Mass eviction during the Great Famine in Ireland

The Ballinlass incident (Irish: Eachtra Bhaile an Leasa) was the eviction of 300 tenants on 13 March 1846 in Ireland, in the context of the Great Famine in Ireland (1845–1849).
At this time, Ireland was part of the United Kingdom of Great Britain and Ireland, governed directly by its parliament in London. Most Irish peasant farmers were tenants under landlords, producing cereals, potatoes and livestock. But only the potatoes remained as food for the farmers themselves; the other products were used for paying the rent and exported from Ireland to Great Britain. These exports continued when the potato crop failed in 1845.

Farmers who failed to pay the rent in this situation were evicted from their homes and land. It is estimated that tens of thousands were evicted during the famine.

The 300 inhabitants of the townland of Ballinlass in Galway County, in the Barony of Killian, northeast of Mountbellew, were relatively "wealthy" and able to pay their rent. But despite this fact, they were evicted on 13 March 1846 because the landlord, a Mrs Gerrard, intended to establish a grazing farm where the village was situated.

The houses of Ballinlass were demolished by army and police; the people slept in the ruins in the following night. The next day, police and army returned to evict them definitively. Their neighbours were not allowed to take them in.

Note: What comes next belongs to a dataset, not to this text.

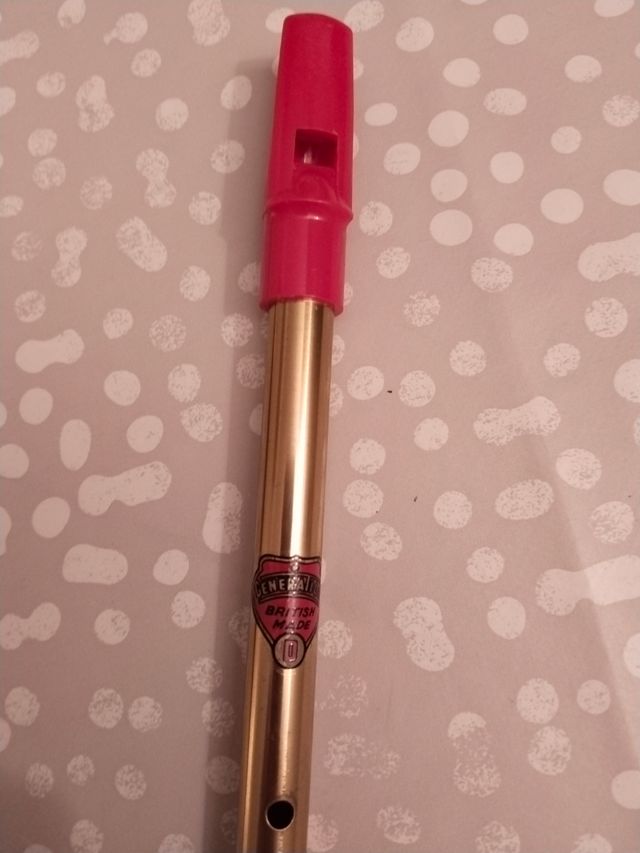 Flauta Irlandesa en Re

The eviction of the entire village received wide publicity and was 'personally investigated' by Lord Londonderry, who, in a statement to the House of Lords on March 30, 1846 said 'I am deeply grieved, but there is no doubt concerning the truth of the evictions at Ballinlass. Seventy six families, comprising 300 individuals had not only been turned out of their houses, but had even - the unfortunate wretches - been mercilessly driven from the ditches to which they had been taken themselves for shelter..these unfortunate people had their rents actually ready..' Despite widespread condemnation, the eviction order was not rescinded.